A analista Fernanda Magnotta avalia, no CNN 360°, que a expectativa para o encontro deve ser de administração de riscos sistêmicos, e não de uma tentativa de reaproximação entre os países.
“Essa ida do presidente Trump à China tem menos a expectativa de funcionar como um momento de reaproximação, porque a deterioração foi inevitável nos últimos tempos, mas ela serve como uma tentativa de administração de certos riscos sistêmicos”, afirmou Magnotta. Segundo ela, a rivalidade entre os dois países é estrutural e irreversível, mas existe interesse mútuo em alinhar alguns aspectos da relação bilateral.
Magnotta destacou que Trump chega à China em uma posição considerada desconfortável. A analista observou que, em geral, quem se desloca para o encontro sinaliza maior necessidade do outro. “Não é Xi que vai aos Estados Unidos, é Trump que vai à China”, pontuou.
Além disso, a popularidade interna de Trump não estaria em seu melhor momento, e Pequim receberia os Estados Unidos sob a imagem de um país desgastado, tanto militarmente quanto politicamente. A analista também ressaltou que o contexto do Irã abriu espaço para que a China se posicionasse como uma força estabilizadora no Oriente Médio.
Temas centrais da agenda bilateral
Entre os principais tópicos previstos para as reuniões, Magnotta destacou tecnologia, minerais críticos e terras raras, e os impactos desses elementos sobre a indústria de chips, computadores e o campo da defesa e segurança internacional.
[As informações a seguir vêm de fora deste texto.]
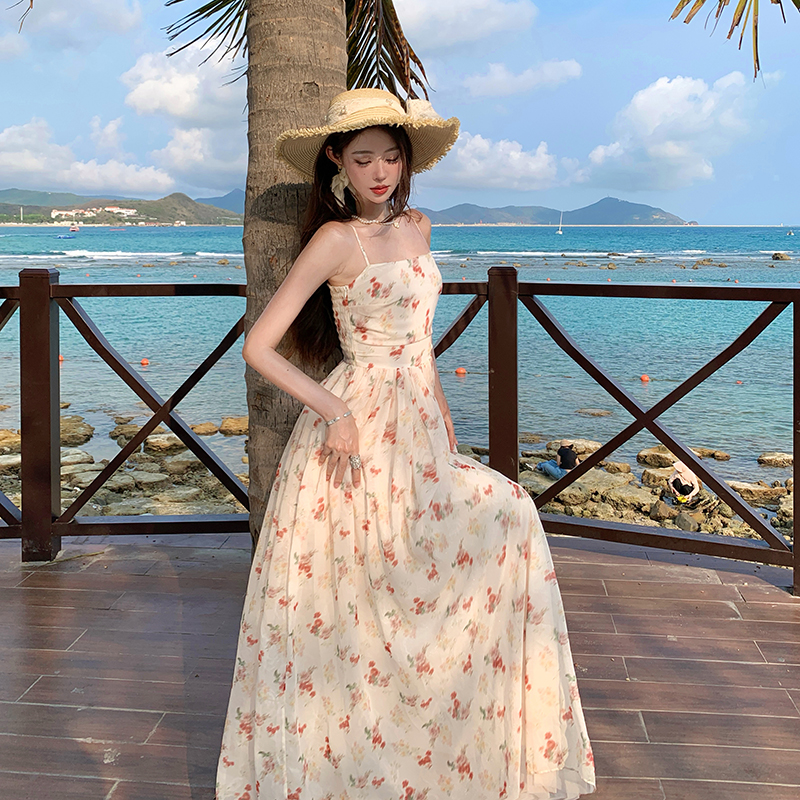 Jacquard sweet pinched waist sling floral dress for women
A comitiva americana inclui figuras importantes nessa área.
No campo da segurança, há também a preocupação em alinhar posições sobre Taiwan e sobre uma eventual colaboração militar da China com o Irã — uma apreensão americana que deve ser endereçada durante os encontros.
Questões econômicas e comerciais
Do ponto de vista econômico, existe a expectativa de que sejam tomadas decisões em torno de tarifas e promoção do comércio. A guerra comercial e tarifária entre os dois países chegou a alíquotas superiores a 200%, inviabilizando praticamente as trocas bilaterais.
As duas economias são altamente interdependentes, tanto no plano das trocas diretas quanto no mercado financeiro, com a China figurando como grande detentora de títulos da dívida pública americana. Segundo Magnotta, os Estados Unidos devem buscar oportunidades comerciais com a China, com destaque, neste momento, para o agronegócio americano.